Selon des chercheurs, jusqu'à 63 % des arrêts cardiaques pourraient être évités grâce à des changements de mode de vie, dont certains sont inattendus.
Et si maintenir un poids sain, adopter une vision optimiste de la vie, et déguster un verre de champagne pouvait diminuer le risque d'arrêt cardiaque soudain ? C'est l'une des conclusions marquantes d'une vaste recherche menée par l'université Fudan de Shanghai, en partenariat avec la UK Biobank. Publiée dans la Revue canadienne de cardiologie, cette étude est la première à analyser de manière exhaustive les relations entre des facteurs non cliniques et le risque d'arrêt cardiaque aigu, une des principales causes de mortalité à travers le monde.

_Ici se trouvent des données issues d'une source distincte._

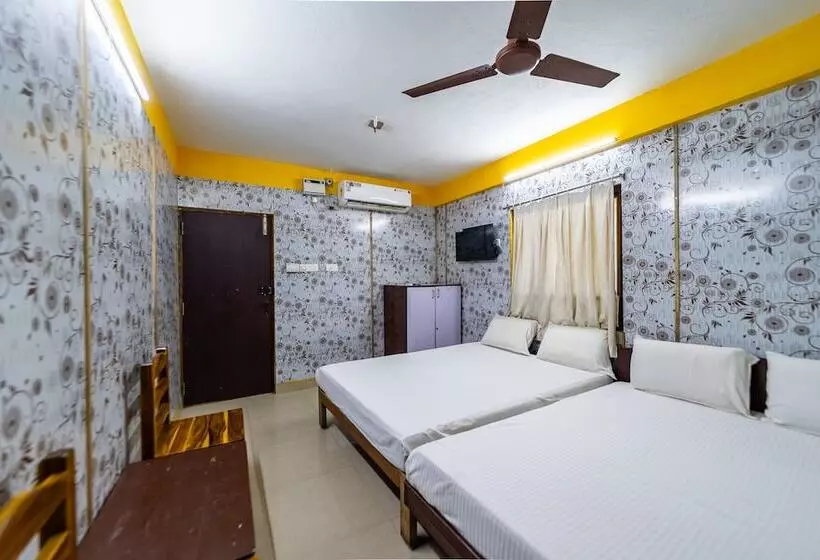 Hotelli Vasavi Residenzcy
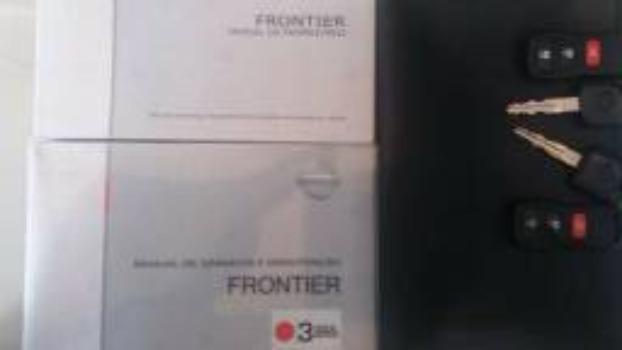Frontier SV Atack CD 4X4 turbo Diesel 2014 - Foto 10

Une consommation modérée de champagne ou de vin blanc
Les scientifiques ont identifié 56 facteurs de risque non médicaux, allant de l'alimentation et de l'humeur à l'éducation, à la sédentarité et à l'environnement de vie. Le Dr Renjie Chen, co-auteur de l'étude, souligne : "À notre connaissance, il s'agit de la première étude explorant les associations entre les facteurs de risque modifiables non cliniques et l'incidence d'arrêts cardiaques. Nous avons été surpris par le nombre de cas qui pourraient être évités par l'amélioration de ces facteurs."
Parmi les mesures les plus efficaces pour réduire ce risque se trouvent une alimentation riche en fruits, la gestion du poids, le contrôle de la pression artérielle, un bon niveau d'éducation, et… une consommation modérée de champagne ou de vin blanc. Cette découverte interpelle.
L'effet cardioprotecteur du champagne
"L'un des résultats les plus fascinants de l'étude est l'effet bénéfique de la consommation de champagne et de vin blanc sur la santé cardiaque, remettant en question l'idée que seuls les polyphénols du vin rouge offraient des propriétés protectrices", notent Nicholas Grubic et Dakota Gustafson, qui ont rédigé un éditorial accompagnant l'étude.
Traditionnellement, le vin rouge était considéré comme le leader des bienfaits cardiovasculaires, mais ces nouvelles données suggèrent que la relation entre la consommation d'alcool et la santé cardiaque est plus complexe, influencée par des facteurs socio-économiques et cognitifs.
Il est important de ne pas oublier que l'alcool, même en petite quantité, présente des risques, notamment pour le développement de cancers. Des études antérieures ont démontré que la consommation d'alcool était impliquée dans 13 types de cancers.
Moins de stress, plus d'années de vie
Un autre constat intéressant de l'étude est le lien entre la santé mentale et le risque cardiaque. Un sentiment de stress persistant augmente considérablement la probabilité d'un arrêt cardiaque soudain, alors qu'une approche positive de la vie semble offrir une protection.
De manière inattendue, certaines analyses ont révélé une relation inverse entre le temps passé devant un écran et le risque d'arrêt cardiaque. Les chercheurs notent que ce paradoxe pourrait être le résultat de biais sociaux ou culturels, étant donné que la sédentarité est souvent désignée comme un facteur néfaste pour la santé.
Les changements de mode de vie comme solution préventive
Le Dr Huihuan Luo, chercheur principal, explique : "Les études antérieures avaient soit un nombre limité de facteurs, soit reposaient sur des connaissances antérieures. Notre étude offre une vue d'ensemble beaucoup plus élargie." Selon lui, l'adoption de changements de mode de vie constitue l'une des méthodes les plus efficaces pour prévenir les arrêts cardiaques, soulignant l'importance d'une approche préventive au niveau de la population. En accord avec Grubic et Gustafson, il est essentiel de développer des stratégies collectives pour diminuer le poids des arrêts cardiaques sur les systèmes de santé. Cependant, transformer la réaction face à ce problème en action préventive peut s'avérer complexe dans la pratique.